Allison Brown Staff Writer
Between April 5 and 8, two student directed plays collectively called “Awakenings” were performed in the Fine Arts Instructional Center. This performance highlighted two student theater capstone projects. I can safely say that both plays exhibited the highest levels of professionalism in both the actor’s lines and character portrayals. Themes of beauty, intellectual awakening, and ageism illustrate discomfort and distrust of the characters in two worlds for the “Youth” play. In “Chitra” themes presented are shown through the differences in how the characters relate to each other.

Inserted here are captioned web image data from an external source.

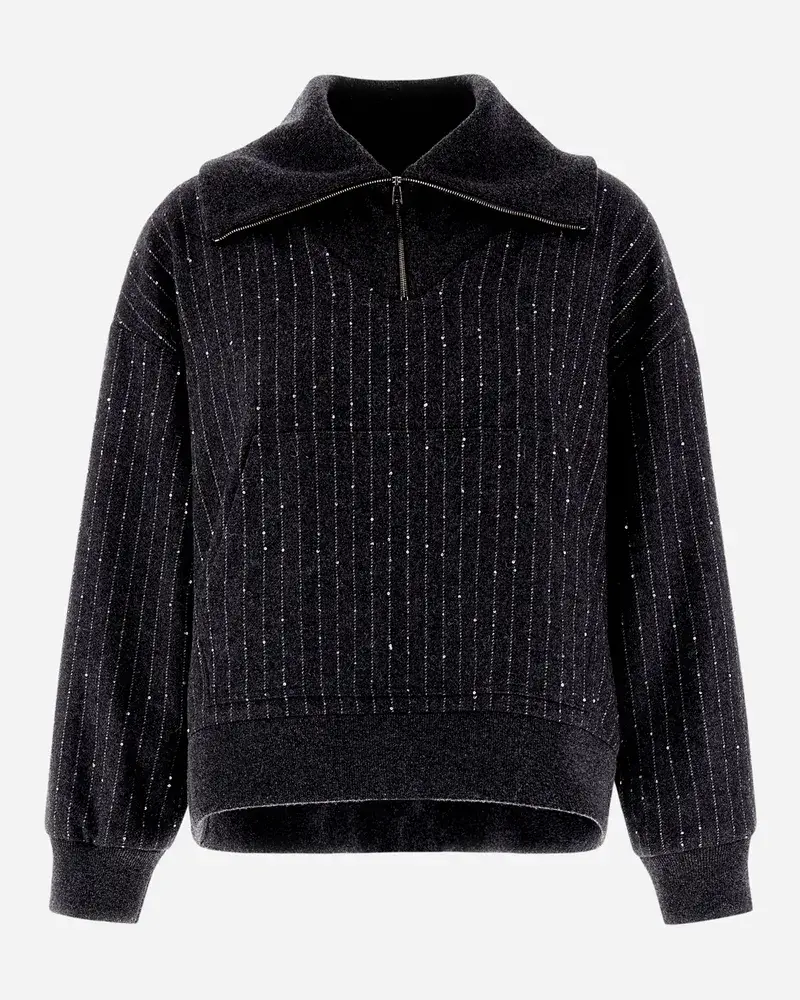 Herno Sweatshirt Aus Twinkle Pinstriped Grau Fabrikpreis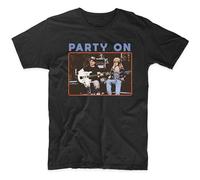 Wayne's World Party On Mens T-Shirt Printed Graphic Top Unisex Black Tee L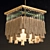 Luxury Brass Pendant with Wood Beads 3D model small image 1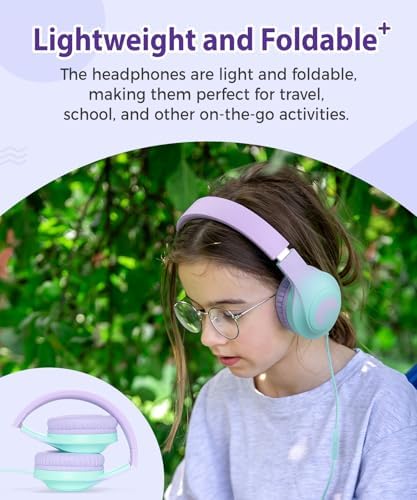 Rockpapa C24 Foldable Kids Headphones with Microphone – Lightweight Wired Audio Solution in Eye-Catching Purple & Green for School, Travel, and Play – Ideal for Young Listeners with Enhanced Compatibility and Superior Portability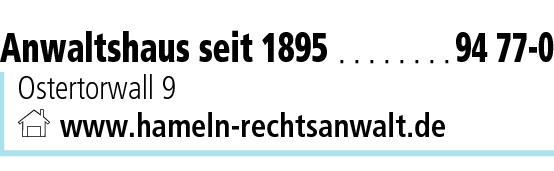 Anzeige Anwaltshaus seit 1895 , Zemlin R., Schöpe V. Dr., Papendick B., Rechtsanwälte u. Notare , Malcher C., Steup M., Knief M., Meier L. (LL.M.), Rechtsanwältinnen und Rechtsanwälte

In the student directed play of “Youth,” Captain Gulliver shipwrecks onto a foreign island whose inhabitants seem more concerned about beauty than providing aid to the Captain. Captain Gulliver, in the eyes of the island inhabitants, is nothing more than a raggedy old man whose tired state reflects his lack of ability to survive in their world. He is an outsider; a commoner which they are not to associate with, especially since he is an old man. Jenkins, one of the noble ladies, remains far away when greeting the Captain. She carries herself with stiff posture and calculated movements illustrating the upper class she is a part of. However, as the play goes on the separation between social groups shrinks heightening tensions. Through these interactions she learns this stranger and her are not so different after all. Jenkins becomes more carefree and affectionate towards the Captain, disobeying societal norms of her world and eventually deciding to run away into the stranger’s world when given the opportunity.

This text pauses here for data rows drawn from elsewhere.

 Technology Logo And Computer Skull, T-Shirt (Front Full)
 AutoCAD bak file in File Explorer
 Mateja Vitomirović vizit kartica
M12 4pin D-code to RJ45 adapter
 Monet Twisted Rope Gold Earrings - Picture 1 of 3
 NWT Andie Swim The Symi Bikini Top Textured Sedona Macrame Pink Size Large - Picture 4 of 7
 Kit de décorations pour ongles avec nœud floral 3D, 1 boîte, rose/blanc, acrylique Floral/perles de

Matt Bessette, director of “Youth,” describes his experience, “There were struggles to overcome during the rehearsal process (scheduling conflicts, emergency recasting) but I can say under no uncertain terms that I take pride in what you are about to view.” Bessette goes on to say, “I am grateful for everyone involved who made this possible. The production is a result of hard work, tireless energy and unconditional collaboration.”
I agree with Bessette, the stage, set, costumes, lightening, and acting all meshed together in harmony illustrating the hard work and dedication of each student involved. I think attending events such as these is important around campus to show support for the Eastern community. Most plays, musical events and performances are free to Eastern students with an ID.